Are separate calls to `atheris.Setup()` and `atheris.Fuzz()` really necessary?

google / atheris

Apache License 2.0

1.38k stars 111 forks source link

Are separate calls to `atheris.Setup()` and `atheris.Fuzz()` really necessary? #8

Closed Zac-HD closed 3 years ago

Zac-HD commented 3 years ago

Given that Fuzz() accepts no arguments, and Setup() is only useful if you then call Fuzz(), do these really need to be exposed as separate functions at the Python level?

Why not (the equivalent of):

def fuzz(
    args: typing.List[str],
    test_one_input: typing.Callable[[bytes], object],
    *,
    enable_python_coverage: bool = True,
    enable_python_opcode_coverage: bool = True,
) -> typing.NoReturn:
    atheris.Setup(args, test_one_input, enable_python_coverage, enable_python_opcode_coverage)
    atheris.Fuzz()

This could even be provided as a convenience method, with the current API left in place for backwards-compatibility.

TheShiftedBit commented 3 years ago

This is a good point, and something I've thought of before. They are actually separate for a reason though: atheris.Setup() might modify the input argument list, by removing arguments handled by libFuzzer. This allows other argument parsing libraries to subsequently be called and not think there are a lot of excess arguments.

We use this feature inside of Google. We call atheris.Setup() to remove libFuzzer arguments, then pass sys.argv to our argument-parsing code to initialize Google infrastructure, then finally call atheris.Fuzz().

TheShiftedBit commented 3 years ago

Given this, do you think it's still worth supporting arguments in both Setup() and Fuzz()?

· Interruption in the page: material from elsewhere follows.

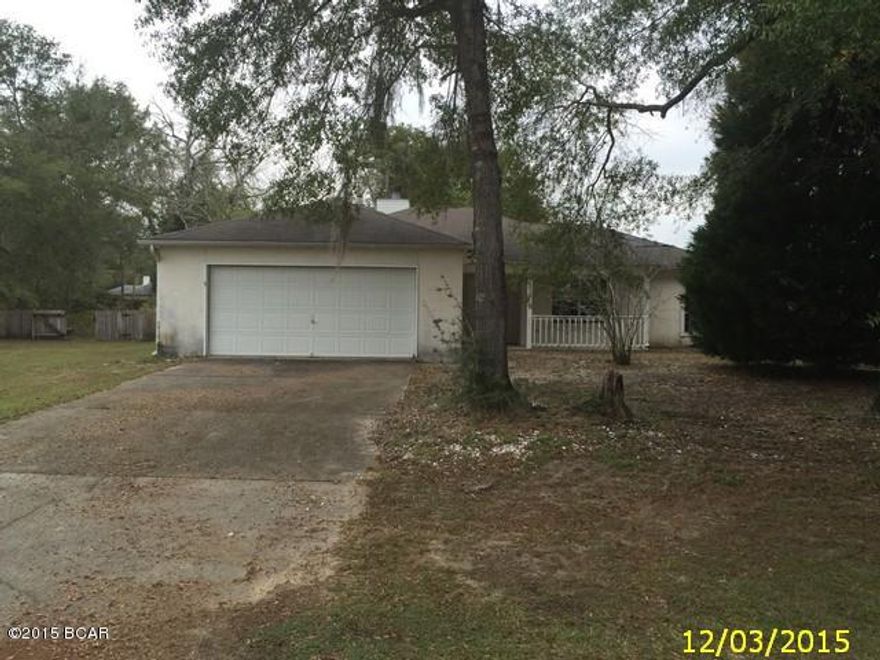 Great single story home with 3 bedrooms and 2 full. Spacious open floorplan, kitchen with breakfast bar overlooks living area with fireplace. Large master bedroom and master bath has a sunken tub with a separate shower. Neutral colors throughout. This one is ready to go and priced to sell. See this one quick because it's going to go fast!!!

Zac-HD commented 3 years ago

There is clearly a use-case for the existing API, but consuming parts of sys.argv before calling non-atheris setup and then starting the fuzzer sounds like the sole advantage of the current approach. I think it would be nice to provide a simple API for users who don't have Google infrastructure to deal with; on the other hand I'm not convinced that adding a second API would actually be a net simplification!

I would suggest adding your explanation of why they're separate (above) to the README, and closing this issue without any functional change.